Figure 5: As a population, dopamine cells encode the shape of the learned reward distribution: we can decode the distribution of rewards from their firing rates. The gray shaded area is the true distribution of rewards encountered in the task. Each light blue trace shows an example run of the decoding procedure. Dark blue is the average over runs.

Finally, distributional TD theory predicts that these diverse reversal points and diverse asymmetries, across cells, should collectively encode the learned reward distribution. So our final question was if we could decode the reward distribution from the firing rates of dopamine cells. As shown in Figure 5, we found that it was indeed possible, using only the firing rates of dopamine cells, to reconstruct a reward distribution (blue trace) which was a very close match to the actual distribution of rewards (grey area) in the task that the mice were engaged in. This reconstruction relied on interpreting the firing rates of dopamine cells as the reward prediction errors of a distributional TD model, and performing inference to determine what distribution that model had learned about.
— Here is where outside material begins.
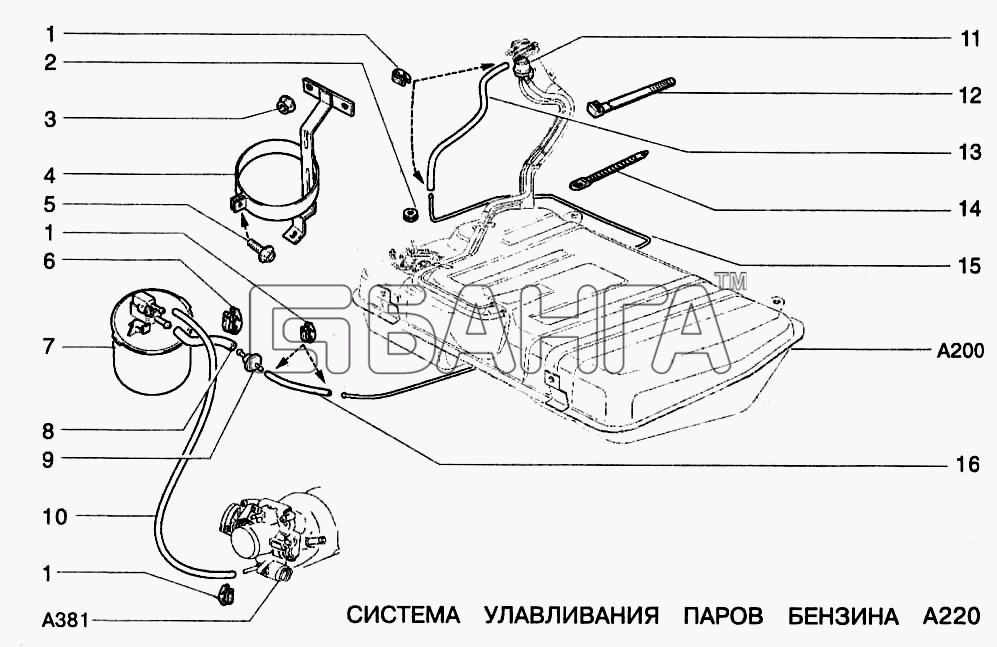 ВАЗ ВАЗ-2123 Схема Система улавливания паров бензина-81 banga.ua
In summary, we found that dopamine neurons in the brain were each tuned to different levels of pessimism or optimism. If they were a choir, they wouldn’t all be singing the same note, but harmonizing – each with a consistent vocal register, like bass and soprano singers. In artificial reinforcement learning systems, this diverse tuning creates a richer training signal that greatly speeds learning in neural networks, and we speculate that the brain might use it for the same reason.

The existence of distributional reinforcement learning in the brain has interesting implications both for AI and neuroscience. Firstly, this discovery validates distributional reinforcement learning – it gives us increased confidence that AI research is on the right track, since this algorithm is already being used in the most intelligent entity we're aware of: the brain.

Secondly, it raises new questions for neuroscience, and new insights for understanding mental health and motivation. What happens if an individual's brain “listens” selectively to optimistic versus pessimistic dopamine neurons? Does this give rise to impulsivity, or depression? A strength of the brain is its powerful representations – how are these sculpted by distributional learning? Once an animal learns about the distribution of rewards, how is that representation used downstream? How does the variability of optimism across dopamine cells relate to other known forms of diversity in the brain?

Finally, we hope that asking and answering these questions will stimulate progress in neuroscience that will feed back to benefit AI research, completing the virtuous circle.